According to him, getting rid of Bako Haram will enable the country overcome the challenge of accessibility in some parts of the country.
“the only solution and recommendations of the ERC to making Nigeria a polio free nation is, get rid of Boko Haram and get access. Let’s get politics out of this and solve the problem.
“Until we finish the work and reach all these kids in all the LGAs, all efforts would go down the drain, polio outbreak resurgence threat would continue and it would be difficult for us to say categorically that polio has been eradicated,” said Prof. Tomori.
The minister of heath, Prof. Isaac Adewole, in an earlier interview with LEADERSHIP, also sited inaccessibility in parts of the north as a major setback adding that Nigeria should not have been declared polio free in 2014.
“for now, we’ve not detect any case in Nigeria for about two years, the last case was in July 2016 and it was a sect back. But what was actually interesting was that the president said if you search more you will find because he was concerned that a part of Nigeria was inaccessible and as a scientist, I though Nigeria should not have been declared polio free when we did.
“What we should have done is to say that part of Nigeria that was accessible is polio free and till today is polio free because those four cases came from lake Chad area where we had no access but then, we’ve worked with the military, we have a programme called the ‘reach inaccessible children’ we must have reach over 250,000 children in the compromised area, the military are helping us to create security corridors, they are also helping us to immunize and we continue to search.

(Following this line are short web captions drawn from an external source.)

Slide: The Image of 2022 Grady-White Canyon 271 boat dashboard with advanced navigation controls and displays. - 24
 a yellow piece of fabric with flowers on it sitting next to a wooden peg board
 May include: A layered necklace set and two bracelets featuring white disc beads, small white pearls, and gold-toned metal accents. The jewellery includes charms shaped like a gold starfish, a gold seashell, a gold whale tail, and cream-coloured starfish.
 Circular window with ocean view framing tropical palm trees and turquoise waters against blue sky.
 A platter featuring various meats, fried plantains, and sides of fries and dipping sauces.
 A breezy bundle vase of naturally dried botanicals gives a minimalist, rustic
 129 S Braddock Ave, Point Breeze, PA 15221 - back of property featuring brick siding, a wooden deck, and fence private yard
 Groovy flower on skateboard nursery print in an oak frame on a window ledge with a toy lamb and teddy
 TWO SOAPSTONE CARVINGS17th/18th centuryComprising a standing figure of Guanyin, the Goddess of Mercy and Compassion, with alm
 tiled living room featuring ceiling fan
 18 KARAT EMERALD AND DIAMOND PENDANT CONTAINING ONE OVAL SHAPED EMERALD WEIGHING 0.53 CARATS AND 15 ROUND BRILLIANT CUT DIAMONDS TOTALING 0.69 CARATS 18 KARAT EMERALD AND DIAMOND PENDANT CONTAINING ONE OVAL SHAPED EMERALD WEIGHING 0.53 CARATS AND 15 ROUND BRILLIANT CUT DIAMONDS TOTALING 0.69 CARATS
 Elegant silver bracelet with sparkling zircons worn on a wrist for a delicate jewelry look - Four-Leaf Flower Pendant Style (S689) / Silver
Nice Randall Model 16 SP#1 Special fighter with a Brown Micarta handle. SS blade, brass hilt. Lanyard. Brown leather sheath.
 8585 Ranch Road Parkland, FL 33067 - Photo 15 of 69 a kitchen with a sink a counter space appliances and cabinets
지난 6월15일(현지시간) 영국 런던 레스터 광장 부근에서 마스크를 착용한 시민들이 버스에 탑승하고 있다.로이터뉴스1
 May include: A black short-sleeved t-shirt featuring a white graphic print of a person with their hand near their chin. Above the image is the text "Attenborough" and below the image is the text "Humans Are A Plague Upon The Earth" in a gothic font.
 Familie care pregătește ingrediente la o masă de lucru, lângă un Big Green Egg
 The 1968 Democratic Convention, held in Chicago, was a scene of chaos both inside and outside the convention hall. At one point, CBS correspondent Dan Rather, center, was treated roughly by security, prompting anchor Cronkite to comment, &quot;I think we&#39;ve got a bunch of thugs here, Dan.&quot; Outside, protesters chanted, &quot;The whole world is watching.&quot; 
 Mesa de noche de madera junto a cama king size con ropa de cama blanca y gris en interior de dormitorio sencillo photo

“What has also happened is that under the present administration, we have flagged off the Presidential Task Force on polio, it has met severally. to demonstrate the political will, in 2016, immediately it happened, the president ordered the release of 9.7billion for polio eradication, and we are working together with international agencies to ensure that polio is eradicate not from Nigeria alone but from Africa and we are also working with countries in the lake chad region,” Adewole explained.
The Bill&Melinda Gate Foundation, one of the donors for polio eradication in the Nigeria has however expressed optimism that the country will soon be declared polio free.
Also identifying inaccessibility as a challenge, the foundation’s Country Director in Nigeria, Paulin Basinga, said a lot of kids affected with polio are trapped in areas that are not accessibility.
This was even as he revealed that the foundation has invested $35m to ensure total eradication of polio in Nigeria.
“Nigeria remain the only country in Africa that has not been declare polio free but we are getting very close to the eradication of polio. We are actually working with the federal and state government to see that polio is being eradicated from Nigeria because from the past two years there have not been a case of polio which is a very good news and which show that the effort of the government and different partners is been paid out.
“The only challenges we have now is that a lot of kids affected with polio are trapped in areas that are not accessible close to lake chad. But we are trying our possible best because this year alone we have invested $35m to ensure total eradication of polio so that we will be comfortable in declaring polio free in Nigeria.” he stated.